**Your objective**
Print all of the data exactly.
======== Supplied data ========
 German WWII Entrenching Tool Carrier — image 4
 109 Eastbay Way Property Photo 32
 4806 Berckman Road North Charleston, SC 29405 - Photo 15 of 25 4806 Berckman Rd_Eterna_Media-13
========
**Written solution**
 German WWII Entrenching Tool Carrier — image 4
 109 Eastbay Way Property Photo 32
 4806 Berckman Road North Charleston, SC 29405 - Photo 15 of 25 4806 Berckman Rd_Eterna_Media-13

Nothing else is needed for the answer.